======== DATA PROVIDED

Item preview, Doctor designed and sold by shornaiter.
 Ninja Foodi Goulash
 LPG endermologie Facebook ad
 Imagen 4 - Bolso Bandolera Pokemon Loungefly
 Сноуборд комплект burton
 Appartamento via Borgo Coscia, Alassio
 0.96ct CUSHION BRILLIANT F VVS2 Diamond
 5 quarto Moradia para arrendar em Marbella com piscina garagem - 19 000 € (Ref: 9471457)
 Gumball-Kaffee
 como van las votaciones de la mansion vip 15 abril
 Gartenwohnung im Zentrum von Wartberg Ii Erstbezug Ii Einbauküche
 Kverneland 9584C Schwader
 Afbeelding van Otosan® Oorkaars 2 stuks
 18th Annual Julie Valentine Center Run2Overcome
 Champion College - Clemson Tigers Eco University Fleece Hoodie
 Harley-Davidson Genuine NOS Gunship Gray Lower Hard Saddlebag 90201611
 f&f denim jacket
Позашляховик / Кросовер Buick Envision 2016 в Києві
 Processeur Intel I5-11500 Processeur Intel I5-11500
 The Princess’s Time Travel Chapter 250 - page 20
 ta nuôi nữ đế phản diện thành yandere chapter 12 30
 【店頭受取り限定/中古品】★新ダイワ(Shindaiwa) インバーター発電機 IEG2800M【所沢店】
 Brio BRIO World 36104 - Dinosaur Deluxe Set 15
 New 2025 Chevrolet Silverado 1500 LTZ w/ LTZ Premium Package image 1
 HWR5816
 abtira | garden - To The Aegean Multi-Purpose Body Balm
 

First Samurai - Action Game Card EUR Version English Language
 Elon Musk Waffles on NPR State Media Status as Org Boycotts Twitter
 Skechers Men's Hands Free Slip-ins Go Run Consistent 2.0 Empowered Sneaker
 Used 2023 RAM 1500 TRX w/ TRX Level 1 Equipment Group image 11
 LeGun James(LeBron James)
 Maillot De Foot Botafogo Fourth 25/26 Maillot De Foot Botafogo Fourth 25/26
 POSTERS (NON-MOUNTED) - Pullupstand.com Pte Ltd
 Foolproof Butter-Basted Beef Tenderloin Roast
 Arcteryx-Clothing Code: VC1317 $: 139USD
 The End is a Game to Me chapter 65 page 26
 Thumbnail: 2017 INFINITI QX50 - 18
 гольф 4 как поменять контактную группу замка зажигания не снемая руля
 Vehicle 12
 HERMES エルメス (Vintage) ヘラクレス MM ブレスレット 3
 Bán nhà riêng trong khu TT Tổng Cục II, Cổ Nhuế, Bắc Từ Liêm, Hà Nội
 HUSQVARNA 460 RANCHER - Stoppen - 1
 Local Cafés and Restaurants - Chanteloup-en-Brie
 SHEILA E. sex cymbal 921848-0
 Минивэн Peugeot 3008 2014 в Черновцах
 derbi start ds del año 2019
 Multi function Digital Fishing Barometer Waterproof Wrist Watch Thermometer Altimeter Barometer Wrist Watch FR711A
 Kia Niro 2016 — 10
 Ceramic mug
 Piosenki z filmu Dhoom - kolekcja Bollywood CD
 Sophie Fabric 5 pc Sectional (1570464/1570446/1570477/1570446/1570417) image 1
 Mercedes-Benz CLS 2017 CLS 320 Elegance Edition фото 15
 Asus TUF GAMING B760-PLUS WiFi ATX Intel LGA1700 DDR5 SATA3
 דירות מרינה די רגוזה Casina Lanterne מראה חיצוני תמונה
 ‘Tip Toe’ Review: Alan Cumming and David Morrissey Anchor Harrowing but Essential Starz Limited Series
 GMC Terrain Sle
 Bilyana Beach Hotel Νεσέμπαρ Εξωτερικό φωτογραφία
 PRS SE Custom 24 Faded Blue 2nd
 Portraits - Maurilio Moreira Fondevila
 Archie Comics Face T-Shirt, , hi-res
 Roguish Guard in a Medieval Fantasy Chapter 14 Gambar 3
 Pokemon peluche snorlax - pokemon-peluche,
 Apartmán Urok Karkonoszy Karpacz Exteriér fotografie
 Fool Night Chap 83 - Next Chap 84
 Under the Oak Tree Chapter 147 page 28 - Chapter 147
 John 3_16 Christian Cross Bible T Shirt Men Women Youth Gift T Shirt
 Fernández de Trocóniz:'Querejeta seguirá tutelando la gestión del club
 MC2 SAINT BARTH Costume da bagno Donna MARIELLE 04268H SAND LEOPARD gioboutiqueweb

================

> _ASSIGNMENT_: Repeat the data above, word for word.

> _RESULT_:
Item preview, Doctor designed and sold by shornaiter.
 Ninja Foodi Goulash
 LPG endermologie Facebook ad
 Imagen 4 - Bolso Bandolera Pokemon Loungefly
 Сноуборд комплект burton
 Appartamento via Borgo Coscia, Alassio
 0.96ct CUSHION BRILLIANT F VVS2 Diamond
 5 quarto Moradia para arrendar em Marbella com piscina garagem - 19 000 € (Ref: 9471457)
 Gumball-Kaffee
 como van las votaciones de la mansion vip 15 abril
 Gartenwohnung im Zentrum von Wartberg Ii Erstbezug Ii Einbauküche
 Kverneland 9584C Schwader
 Afbeelding van Otosan® Oorkaars 2 stuks
 18th Annual Julie Valentine Center Run2Overcome
 Champion College - Clemson Tigers Eco University Fleece Hoodie
 Harley-Davidson Genuine NOS Gunship Gray Lower Hard Saddlebag 90201611
 f&f denim jacket
Позашляховик / Кросовер Buick Envision 2016 в Києві
 Processeur Intel I5-11500 Processeur Intel I5-11500
 The Princess’s Time Travel Chapter 250 - page 20
 ta nuôi nữ đế phản diện thành yandere chapter 12 30
 【店頭受取り限定/中古品】★新ダイワ(Shindaiwa) インバーター発電機 IEG2800M【所沢店】
 Brio BRIO World 36104 - Dinosaur Deluxe Set 15
 New 2025 Chevrolet Silverado 1500 LTZ w/ LTZ Premium Package image 1
 HWR5816
 abtira | garden - To The Aegean Multi-Purpose Body Balm
 

First Samurai - Action Game Card EUR Version English Language
 Elon Musk Waffles on NPR State Media Status as Org Boycotts Twitter
 Skechers Men's Hands Free Slip-ins Go Run Consistent 2.0 Empowered Sneaker
 Used 2023 RAM 1500 TRX w/ TRX Level 1 Equipment Group image 11
 LeGun James(LeBron James)
 Maillot De Foot Botafogo Fourth 25/26 Maillot De Foot Botafogo Fourth 25/26
 POSTERS (NON-MOUNTED) - Pullupstand.com Pte Ltd
 Foolproof Butter-Basted Beef Tenderloin Roast
 Arcteryx-Clothing Code: VC1317 $: 139USD
 The End is a Game to Me chapter 65 page 26
 Thumbnail: 2017 INFINITI QX50 - 18
 гольф 4 как поменять контактную группу замка зажигания не снемая руля
 Vehicle 12
 HERMES エルメス (Vintage) ヘラクレス MM ブレスレット 3
 Bán nhà riêng trong khu TT Tổng Cục II, Cổ Nhuế, Bắc Từ Liêm, Hà Nội
 HUSQVARNA 460 RANCHER - Stoppen - 1
 Local Cafés and Restaurants - Chanteloup-en-Brie
 SHEILA E. sex cymbal 921848-0
 Минивэн Peugeot 3008 2014 в Черновцах
 derbi start ds del año 2019
 Multi function Digital Fishing Barometer Waterproof Wrist Watch Thermometer Altimeter Barometer Wrist Watch FR711A
 Kia Niro 2016 — 10
 Ceramic mug
 Piosenki z filmu Dhoom - kolekcja Bollywood CD
 Sophie Fabric 5 pc Sectional (1570464/1570446/1570477/1570446/1570417) image 1
 Mercedes-Benz CLS 2017 CLS 320 Elegance Edition фото 15
 Asus TUF GAMING B760-PLUS WiFi ATX Intel LGA1700 DDR5 SATA3
 דירות מרינה די רגוזה Casina Lanterne מראה חיצוני תמונה
 ‘Tip Toe’ Review: Alan Cumming and David Morrissey Anchor Harrowing but Essential Starz Limited Series
 GMC Terrain Sle
 Bilyana Beach Hotel Νεσέμπαρ Εξωτερικό φωτογραφία
 PRS SE Custom 24 Faded Blue 2nd
 Portraits - Maurilio Moreira Fondevila
 Archie Comics Face T-Shirt, , hi-res
 Roguish Guard in a Medieval Fantasy Chapter 14 Gambar 3
 Pokemon peluche snorlax - pokemon-peluche,
 Apartmán Urok Karkonoszy Karpacz Exteriér fotografie
 Fool Night Chap 83 - Next Chap 84
 Under the Oak Tree Chapter 147 page 28 - Chapter 147
 John 3_16 Christian Cross Bible T Shirt Men Women Youth Gift T Shirt
 Fernández de Trocóniz:'Querejeta seguirá tutelando la gestión del club
 MC2 SAINT BARTH Costume da bagno Donna MARIELLE 04268H SAND LEOPARD gioboutiqueweb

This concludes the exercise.